However in practice, all images must be finite. Yellott thought Julesz's arguments based on identical second-order ensemble statistics isn't quite right.
In his paper, Yellott proposed the Triple Correlation Uniqueness Theorem , which is very similar to Julesz's Conjecture and applicable to finite images. He also provided counter examples to Julesz's Conjecture with deterministic identical second-order statistics but is spontaneously discriminable.

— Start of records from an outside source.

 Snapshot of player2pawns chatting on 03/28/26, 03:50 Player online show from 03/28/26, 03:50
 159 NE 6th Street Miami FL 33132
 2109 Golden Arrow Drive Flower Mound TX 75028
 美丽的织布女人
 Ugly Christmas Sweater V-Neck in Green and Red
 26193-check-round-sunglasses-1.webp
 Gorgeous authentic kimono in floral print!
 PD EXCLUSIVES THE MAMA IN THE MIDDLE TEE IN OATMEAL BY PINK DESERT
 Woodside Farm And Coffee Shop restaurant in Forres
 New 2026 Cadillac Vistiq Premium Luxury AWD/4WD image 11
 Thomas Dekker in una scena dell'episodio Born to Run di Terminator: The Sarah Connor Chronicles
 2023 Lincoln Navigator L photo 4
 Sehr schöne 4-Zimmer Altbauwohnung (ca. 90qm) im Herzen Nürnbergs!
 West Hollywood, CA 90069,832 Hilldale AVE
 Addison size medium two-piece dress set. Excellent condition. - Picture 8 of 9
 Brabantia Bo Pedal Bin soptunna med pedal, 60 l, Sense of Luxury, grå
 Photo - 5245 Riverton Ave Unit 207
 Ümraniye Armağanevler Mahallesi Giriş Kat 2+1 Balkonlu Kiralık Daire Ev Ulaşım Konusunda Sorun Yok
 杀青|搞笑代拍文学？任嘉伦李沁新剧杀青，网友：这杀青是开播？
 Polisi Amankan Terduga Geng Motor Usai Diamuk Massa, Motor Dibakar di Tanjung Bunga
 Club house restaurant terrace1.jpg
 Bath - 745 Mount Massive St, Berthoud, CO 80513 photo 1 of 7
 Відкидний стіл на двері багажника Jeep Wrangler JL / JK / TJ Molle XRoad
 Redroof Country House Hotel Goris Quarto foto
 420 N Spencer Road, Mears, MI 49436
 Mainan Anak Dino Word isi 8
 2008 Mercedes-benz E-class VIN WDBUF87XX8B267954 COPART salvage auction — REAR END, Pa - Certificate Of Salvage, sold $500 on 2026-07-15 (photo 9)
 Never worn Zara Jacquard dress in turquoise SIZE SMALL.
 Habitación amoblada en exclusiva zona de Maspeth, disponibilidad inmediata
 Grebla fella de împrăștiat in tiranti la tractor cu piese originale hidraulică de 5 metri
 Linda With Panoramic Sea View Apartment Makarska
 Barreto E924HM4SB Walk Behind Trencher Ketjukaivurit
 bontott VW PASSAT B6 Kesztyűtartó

If f is an image function with bounded support, and another image g has the same triple correlation function as that of f, then g(x,y)=f(x+a,y+b) for some pair of constants a and b.
A complete proof is too long to be necessary here. We briefly describe the steps of the proof and choose a 1-D image for simplicity.
Suppose two images f(x),g(x) have the same triple correlation function, the their Fourier tranforms F(u),G(u)satisfy the relationship:
F(u)F(v)F(-u-v)=G(u)G(v)G(-u-v)
If u=v=0, then F(0)=G(0)
Without loss of generality, choose F(0)=G(0)=1, then treat f(x), g(x) as probability density function and F(u), G(u) as characteristic functions.
Choose v=-u, then | F(u) |=| G(u) |;
Consider the phase:
phase(G(u))+phase(G(v))-phase(G(u+v))=phase(F(u))+phase(F(v))-phase(F(u+v))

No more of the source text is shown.